# Called Rogers about data plan for iPhone



## fsy (Mar 23, 2008)

Hi,

Just got my iPhone 2 days ago and I love it, yesterday I called rogers regarding data plans for my iPhone,​ after being transfared 100 times I fined got to talk to the right person.

I tolled him that I just got an iphone and that I would like to get a data plan for it, his response was "you have 2 options"

2MM $15/month plan
or the $7 unlimited plan

Then I asked him if I go with the $7 plan will it work with my iPhone? His response was "we can't garante because the iPhone is not supprted by rogers yet

My question is what data plans do you use ? Are u happy with it ? Or do you have and other suggestions? 

Thank you


[/LIST]


----------



## cdncableguy (Nov 4, 2007)

1 GB for $65 is the best choice right now. Supposedly Rogers is coming out with new data plans soonish. There are other threads about this and lots of info on howardforums.com


----------



## ruffdeezy (Mar 17, 2008)

the $7 unlimited plan is working for people right now, for how much longer is anyones guess. I wouldn't risk a $2000 bill for a month of two of unlimited data.


----------



## 9mmCensor (Jan 27, 2006)

first time data dispute is easy to get waived. just ask, regular CSR can do it no problem.


----------



## Joker Eh (Jan 22, 2008)

fsy said:


> 2MM $15/month plan
> or the $7 unlimited plan


What does the '2MM' stand for?


----------



## titans88 (Oct 3, 2007)

Joker Eh said:


> What does the '2MM' stand for?


I would assume it was a typo, meaning 2 MB's.


----------



## Joker Eh (Jan 22, 2008)

titans88 said:


> I would assume it was a typo, meaning 2 MB's.

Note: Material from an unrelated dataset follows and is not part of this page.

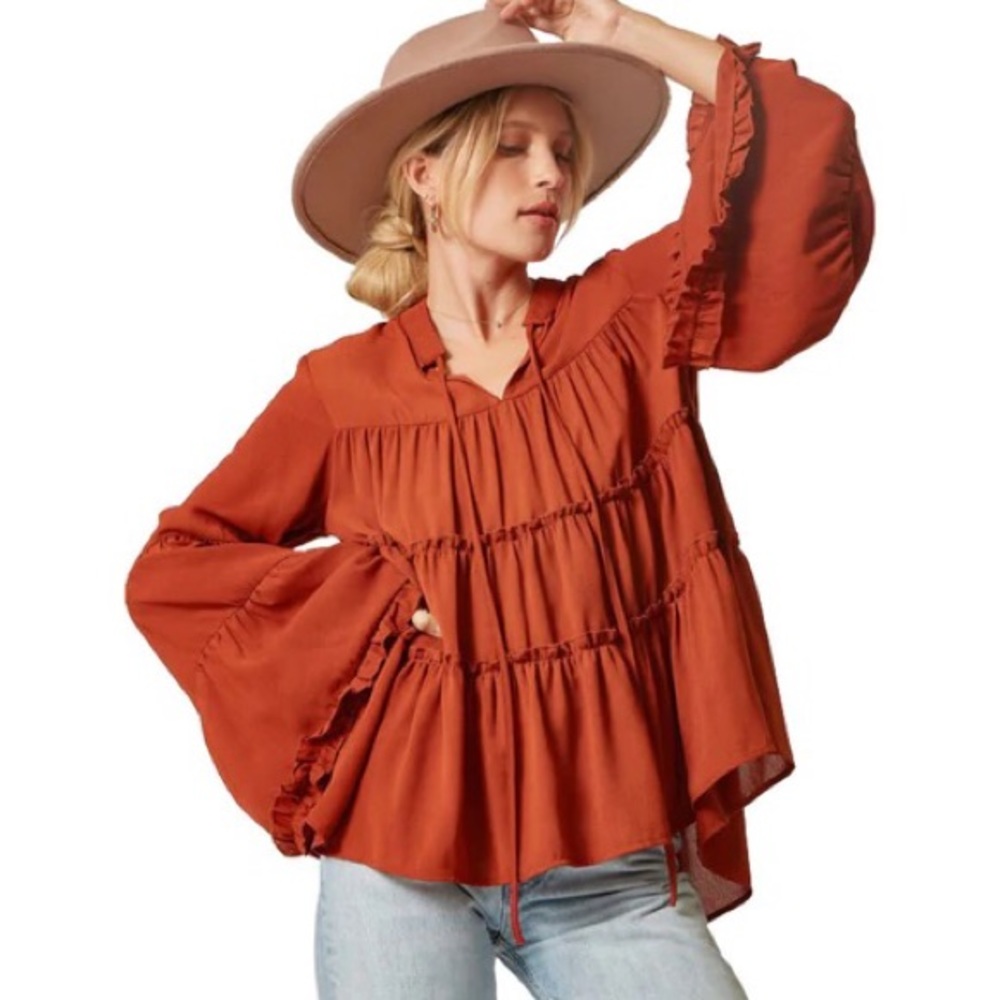 New with tags long sleeve blouse. Size 1X fits oversized, flowy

I thought so, but that did not seem like logical options. 2MB's for $15 or Unlimted for $7

Why would anyone pick the $15 option?


----------



## titans88 (Oct 3, 2007)

Joker Eh said:


> I thought so, but that did not seem like logical options. 2MB's for $15 or Unlimted for $7
> 
> Why would anyone pick the $15 option?


I guess the only reason someone would choose the $15 option is the fear the $7 plan may not pan out. As the Rogers rep. indicated to the OP, Rogers does not guarantee the plan to work with the iPhone.


----------



## Joker Eh (Jan 22, 2008)

titans88, what plan are you on? I see you have an iPhone. Do you use the browser and email and google maps? What is it costing you? 

I am interested in knowing because I may join the party and just go buy one.


----------



## titans88 (Oct 3, 2007)

Joker Eh said:


> titans88, what plan are you on? I see you have an iPhone. Do you use the browser and email and google maps? What is it costing you?
> 
> I am interested in knowing because I may join the party and just go buy one.

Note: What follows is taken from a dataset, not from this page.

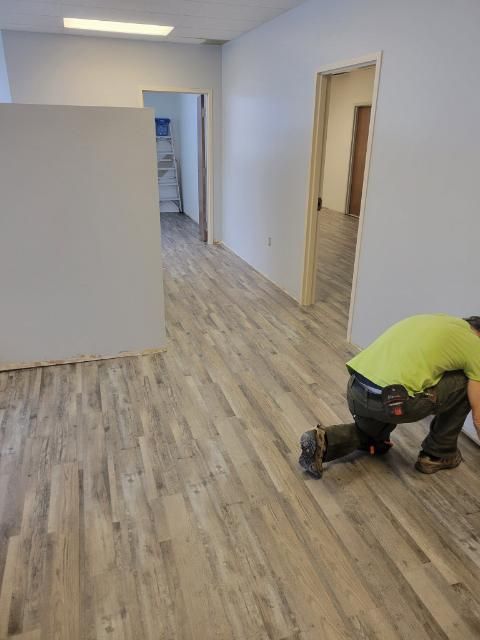 Man installing light gray wood-look flooring in a room with white walls and open doorways.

Right now, I do not have a data plan. I've stuck with my original plan for the time being, as i'm generally within range of a wireless network I have access to (home and work). I pay around $40/month, have unlimited evenings, weekend, 2000 daytime minutes, 2500 text messages, voicemail, call display etc. I don't know if that plan is offered anymore. I essentially have an old $18 (with a few options added and system access fee) plan Rogers used to offer. My fiancee worked for Rogers and we got deal on digital cable, internet, cell phones, movie rentals etc.

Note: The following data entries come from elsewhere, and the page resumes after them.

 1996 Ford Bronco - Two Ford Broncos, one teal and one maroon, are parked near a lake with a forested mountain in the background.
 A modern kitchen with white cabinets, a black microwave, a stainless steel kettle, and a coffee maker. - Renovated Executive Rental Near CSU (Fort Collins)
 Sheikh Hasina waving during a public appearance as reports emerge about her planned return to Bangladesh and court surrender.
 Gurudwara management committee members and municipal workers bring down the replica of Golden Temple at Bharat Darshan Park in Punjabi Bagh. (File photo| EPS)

I think i'll grab a data plan sometime this summer, after Rogers is supposedly releasing a tiered data system.


----------



## Macified (Sep 18, 2003)

Joker Eh said:


> I thought so, but that did not seem like logical options. 2MB's for $15 or Unlimted for $7
> 
> Why would anyone pick the $15 option?


The 2MB for $15 is any kind of data while the unlimited for $7 is WAP data (meaning that only designated web browsers and apps on supported phones can use it, any other kind of data isn't supported). If you want email and web browsing or maps on the iPhone you need the more expensive plans. I got 5MB for $5 on a special (told them I wanted the 10MB for $10 but they screwed up at the time and won't switch me now. I don't have/use an iPhone.


----------



## fsy (Mar 23, 2008)

thank u all for your reply, I think I will just wait for now, and hope that rogers will soon come up with a reasonable data plan.


----------



## Corvillus (Nov 15, 2007)

Also, if it's identical to Fido's 2MB "Windows Mobile" option, it cones with 3 months unlimited data, which might be worthwhile to have (only for the 3 months of course).


----------



## whatiwant (Feb 21, 2008)

just be careful with any Rogers plans that aren't the 1gb for $65. My last bill was astronomical as they decided charging me for *some* data requests while others were covered under my Vision Plan.


----------



## Corvillus (Nov 15, 2007)

Both Rogers and Fido are now offering the $30 / 6GB data plans on any phone with a voice plan. The phone does not have to be locked to them, and the voice plan does not have to be on a contract (though the data plan itself is a 3 year and has a $100 ECF).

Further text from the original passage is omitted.